İllegal Dinlemelere Sert Tepki
Canlı yayında hukuksuz dinlemelere sert tepki gösteren Başkan Gündoğdu, “Selam Terör Örgütü” bahanesi ile dinlenen binlerce kişi içerisinde kendisinin de olduğunu hatırlatarak, “Yedi bin kişiyi dinlemek nasıl izah edilir. Ne demek Selam Terör Örgütü? Ahmet Gündoğdu da, Memur-Sen de illegal tüm yapılanmalarla mücadele ederek bugünlere gelmiştir. Bu dinlemelerin paralel irtibatını biliyoruz. Eğer onlar hukuksuzca bizleri dinleyeceğine Allah’ı dinleseydi, bu medeniyetin anne, babanın odasına bile izinsiz girmeye müsaade etmediği gerçeğini bilirlerdi. Dolayısıyla, burada bir hesap var. Hesapları Türkiye ile… Bunun özelde ise hedefi Başbakan Erdoğan’dır. Başbakanın hedef alınması da İsrail’i kızdırmasıdır, Amerika’yı kızdırmasıdır, “one minute” demesidir. Ve tabi 27 Nisan e-muhtırasına karşı dik duruşudur.Yani merhum Menderes’i ezanı Rap’çaya döndürdüğü için hedef alanlar devrede. Türk-Kürt kardeşliği için çırpınan, ülkenin dünyaya açılması için mücadele veren Özal’ı da aynı şekilde hedef aldılar. “Namlusu millete dönmüş tanklara selam durmam” diyen Yazıcıoğlu ile İslam birliği, ümmetin uyanışı, maddi, manevi değerlere önem veren Erbakan’ın da hedef alınması farklı değil. Adnan Menderes, Turgut Özal, Necmettin Erbakan, Muhsin Yazıcıoğlu'nu hedef alan yapılar bugün Başbakan Recep Tayyip Erdoğan'ı hedef alıyor. Küresel operasyona içeriden destek verenler İsrail’in ekmeğine yağ sürüyor” dedi.

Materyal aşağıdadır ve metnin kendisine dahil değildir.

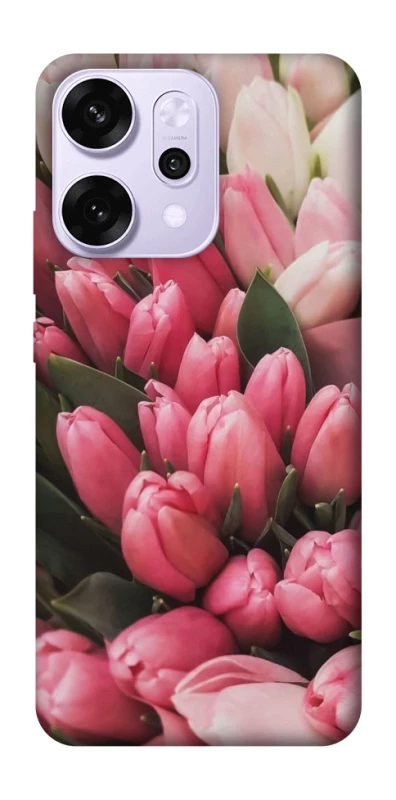 Чохол на Oppo Reno 14 Pro Flowers v3 фото 1 з 1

Büyük Türkiye İdeali Rahatsız Etti
Memur-Sen’in her türlü vesayete karşı durduğunun altını çizen Gündoğdu, Çözüm Sürecine yönelikte şunları söyledi: “Çözüm sürecinde neredeyse bütün Türkiye’yi dolaştık, baktık ki bütün ötekiler beriki olmak istiyor. Kim bu ötekiler? Başörtülüler, ‘biz cumhurbaşkanı eşi olabildik, birey olamadık’ diyor. Kürtler, ‘cumhurbaşkanı olabildik, Kürt olamadık’, Aleviler ise diyor ki, ‘biz Aleviliğimizi yıllarca saklamak zorunda kaldık.’ Romanlar da diyor ki, ‘biz adam yerine koyulmadık.’ Çözüm süreci ve sonrasında açıklanan demokratikleşme paketi bu ötekilerin beriki olmasını sağlayan, 30 yıllık kanın durması için de yakalanan tarihi bir fırsattır. Şimdi çözüm sürecinden kimler neden rahatsız olur, bu soruyu sormak lazım. Kendi iç sorunlarını çözen bir Türkiye istemiyorlar. Büyük Türkiye ideali kimleri rahatsız ediyor; soruyu böyle sormak lazım.”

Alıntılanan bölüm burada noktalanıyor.